Il presidente della Banca centrale europea aveva ribadito che l'uscita della Grecia dall'euro ci avrebbe fatto entrare - scrive Napoletano - in una terra incognita provocando una reazione nervosa del ministro delle Finanze tedesco stretto tra la ragione del suo interesse politico e l'evidenza lineare del ragionamento di Draghi che non poteva sfuggire a un uomo esperto e competente come lui.
Fu allora che Draghi cominciò a emergere come un leader politico e non soltanto come un grande tecnico della banca e delle monete. Napoletano racconta della premiazione avvenuta a Trento il 13 febbraio 2016 quando andò ad ascoltare la lectio di Draghi. Trento era la città di De Gasperi da cui il grande statista democristiano partiva per andare a rappresentare la sua comunità al Parlamento di Vienna finché esistette l'impero austroungarico. Il discorso che pronunciò Draghi fu il suo manifesto quando disse: «La ragione ultima di esistenza di un governo consiste nell'offrire ai propri cittadini sicurezza fisica ed economica e in una società democratica nel preservare la libertà e i diritti individuali insieme a un'equità sociale che rispecchi il giudizio degli stessi cittadini.

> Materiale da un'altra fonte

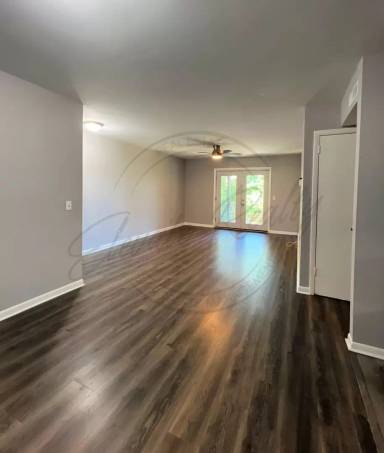 Main picture of Updated ground floor unit across from Madison Park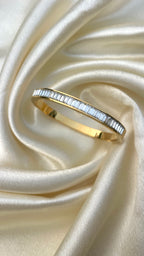 Crystal bar bangle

Coloro che nel secondo dopoguerra volsero lo sguardo all'esperienza dei trenta anni precedenti conclusero che quei governi emersi dal nazionalismo, dal populismo, da un linguaggio in cui il carisma si accompagnava alla menzogna, non avevano dato ai loro cittadini sicurezza, equità, libertà: avevano tradito la ragione stessa della loro esistenza».
L'importanza di questo libro è nella descrizione di un misurato e non enfatico campione liberale che non alza la voce e che garantisce la più ferma ostilità e l'indipendenza da qualsiasi ideologia populista, fascista, comunista e di ogni altra possibile combinazione della illiberalità con il dirigismo economico e la violenza delle parole usate come armi contro la logica, la competenza, il rispetto dei principi della convivenza umana tra persone che meritano tutte uguale rispetto e identica qualità di servizi di un buon governo, capace di non mentire e
garantire competente capacità nell'amministrazione della cosa pubblica. Il libro racconta molto di più con un lungo diario giorno per giorno e per quel diario rinviamo i lettori al libro appena uscito per «La nave di Teseo».